I'm a mum and although I have am not technically a SM (as I have a genuine aversion to remarriage ), I have a number of little people in my life. My DC and my DP's DC.
'Blending' families is not an easy task for most. I envy those people who find it easy but 9 times out of 10 I am pretty sure that all parents (including exes) are largely on the same page regarding parenting. i.e. lets not in anyway bring innocent children into adult situations and ensure they move between homes with minimal conflict.
Happily for me, I have that situation with my exH. Sadly for my DP, he doesn't have this situation with his EW. The net net is, zero drama around contact arrangements for my kids. Non stop court cases and drama for my DP regarding his kids. It's a nightmare situation.
As a partner I support and take a huge backseat when it comes to his DC, who are now starting to display behavioural problems, no doubt as a result of all the proceedings around them.

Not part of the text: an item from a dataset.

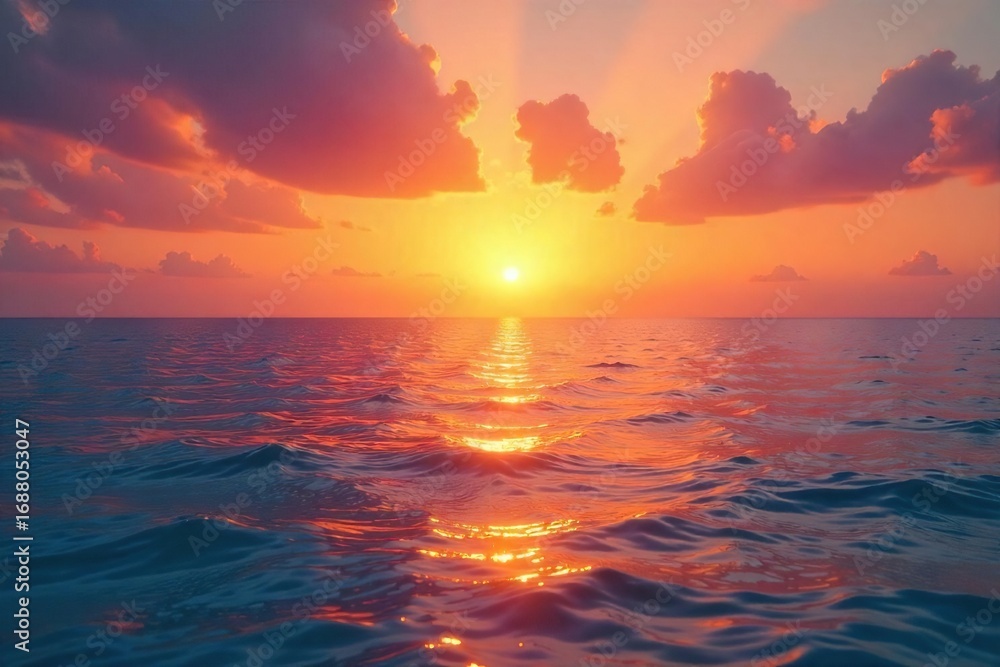 Fototapeta premium A vibrant sunset over a calm ocean, reflecting the carefree energy of a summer evening Perfect for travel, relaxation, and holiday themes , inspiring, vacation, vibrant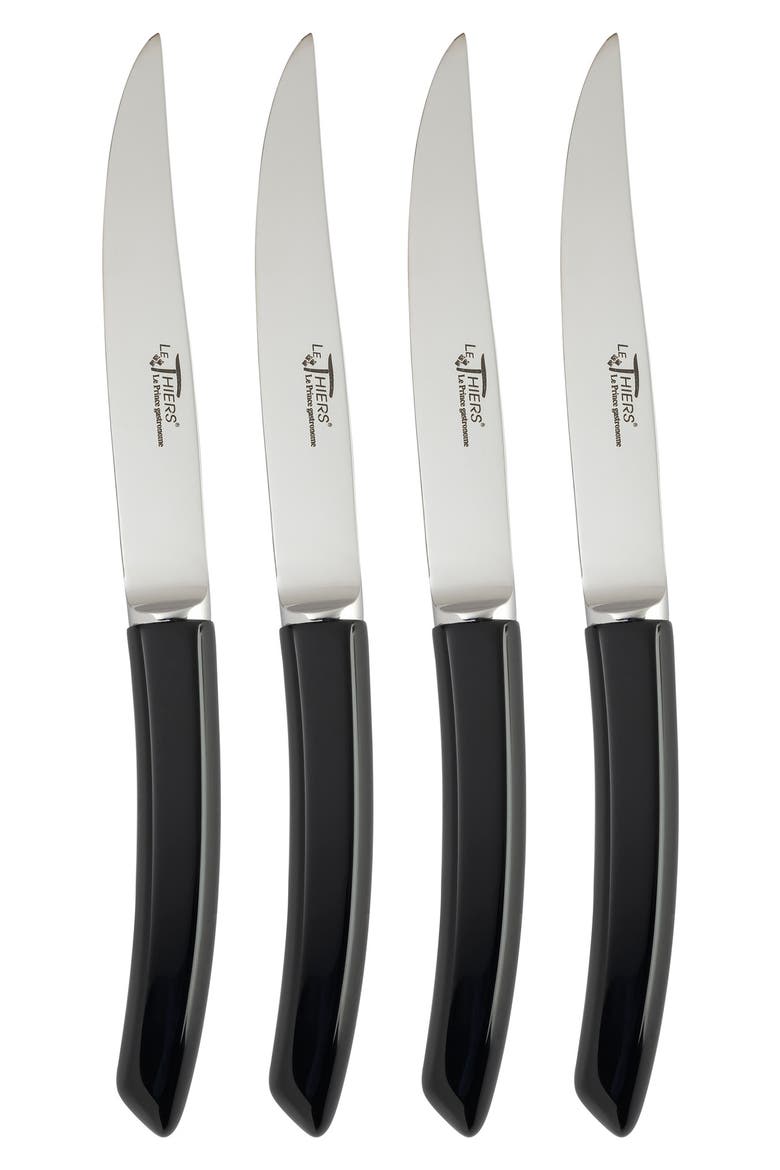 Le Thiers Prince Gastronome Steak Knives - Set of 4, Main, color, BLACK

So, for a period of time, my DP raised the whole marriage thing and net net is that is isn't happening, because I don't think it's right for his DC and also my DC.
However, when we were discussing it, I asked him. 'Would you want your DC there?'. Sounds like a terrible thing to ask doesn't it? But the likelihood is if the EW got wind of it, there is no chance the DC would arrive. So net net, drama. drama, drama, drama, over an event that is about our DC, but most importantly my DP and I.
And the thing is for some people in these situations, it is entirely possible that 90% of our lives are already dictated by what the EW allows around arrangements, compromising decisions constantly to try and accommodate what is best for all.
So, if I say to my DP...I don't want your DC there, because it's our day and I'm sorry but your DC come with non stop drama that consumes your time and energy. Does that make me a jealous SM? A selfish SM? Or just an adult who thinks 'enough, enough of your drama dominating my life.'
Discuss.
NB. Before I get burned into ash, I haven't said it, and its not going to be said, I totally don't wish to get married again.